パーフェクト・インパーフェクト
14歳のとき、右も左もわからず、なにも持たないで、モデルの世界に飛びこんだ。
圧倒的で絶対的な女の世界。
年齢関係なく、実力のあるコが生き残り、そうじゃないコは潰れていく、決して生易しくない場所。

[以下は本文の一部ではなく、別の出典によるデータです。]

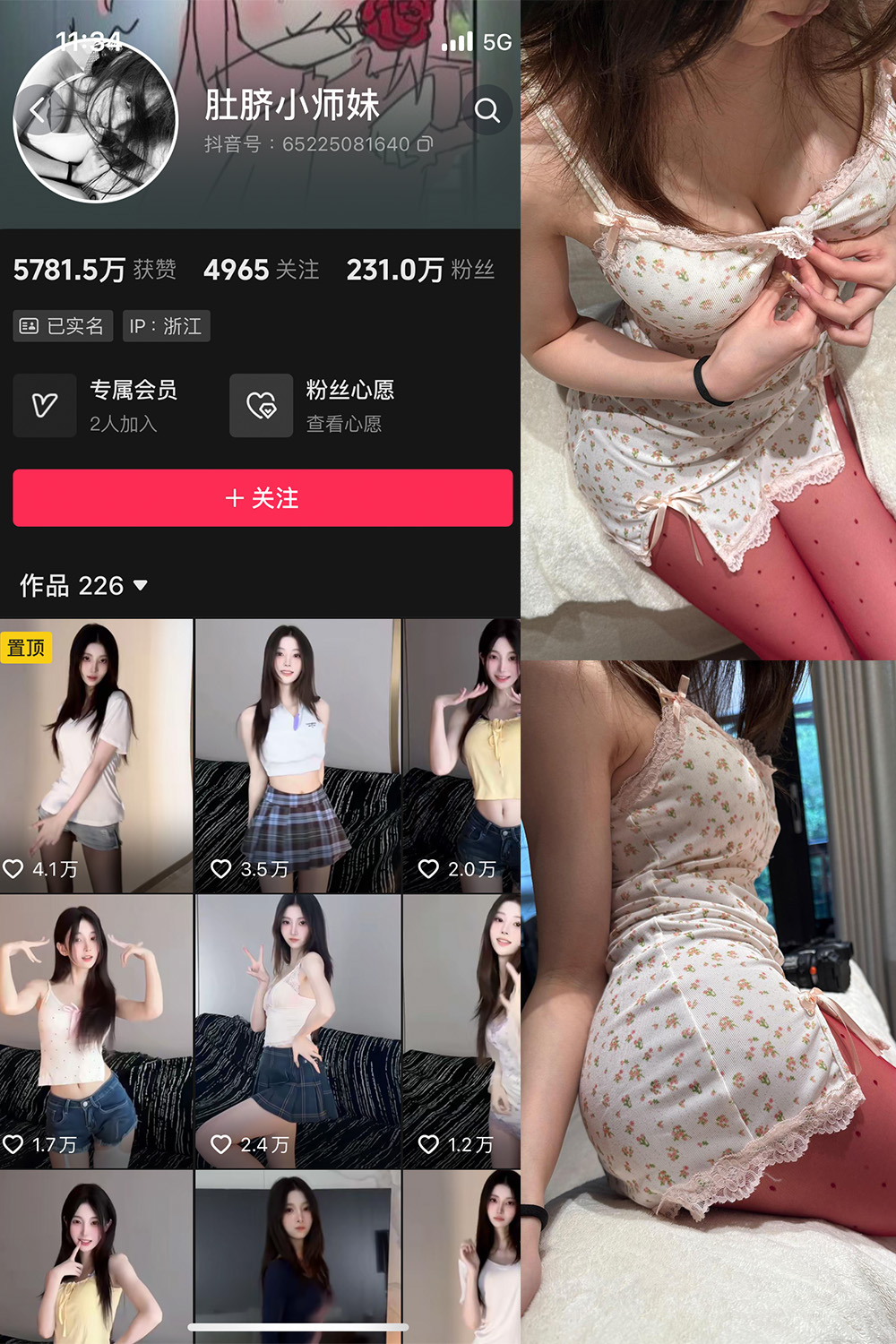 【在线看】抖音 肚脐小师妹 微密圈 NO.037期 【15P2V】 - XZWang-写真网-XZWang-写真网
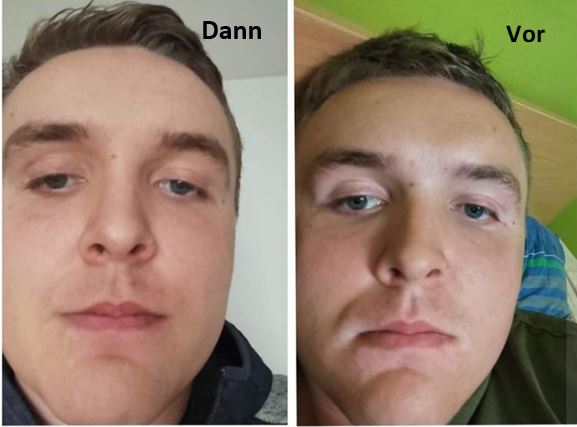 UVB-Lampe Dermalight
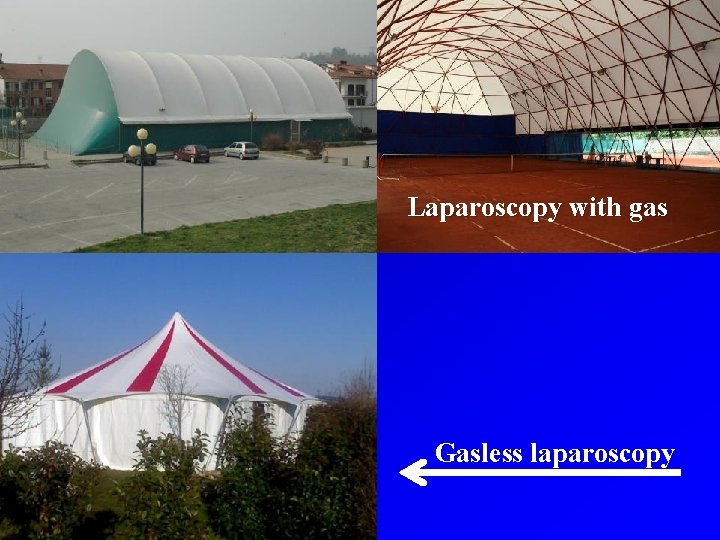Laparoscopy with gas Gasless laparoscopy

わたしはどう贔屓目に見ても、へなちょこの新人だったよ。
潰せば簡単に潰れそうな、なんといってもつい最近までブスだったおかげで、自己肯定感も高くないし、オドオドした、モデルモドキみたいなやつだったと思う。
それに、わたしのバックにはママがいたから。
スタイリスト・上月ゆい子。
わたしははじめ、どこに行っても、どうしてもその“娘”として見られた。
コネだって言われたこともある。
実際、始まりはコネみたいなものだったから、そう言われても耳を塞いで小さくなるしかなかった。
向いてない、って、思った。
カメラに撮られる楽しさよりも、身を置いている環境の辛さのほうが、勝ってしまって。
そういうなかで、ふいに、リアと出会ったんだ。
『上月杏鈴ちゃんっていうの? かわいー! 友達になりたーい! てゆーかなろー!』
なんてまばゆい光を背負った存在なんだと、ひと目で憧れた。
屈託なく、へにゃりと笑った目。
きっと本当の言葉しか紡がない、素直なくちびる。
ためらいもなく差しだされた右手。
それなのに、カメラの前に立った彼女は、目を疑うほどのプロで。
レンズを見つめる様々の温度をした目。
笑ったり、色っぽくなったり、コロコロ表情を変える、ぽってりとしたくちびる。
指先まですべてを表現している手。
こういう存在になりたいって、ずっと、ずっと、憧れていた。
いつのまにか負けたくない存在になっていた。
最初に会った瞬間から、大好きな友達だった。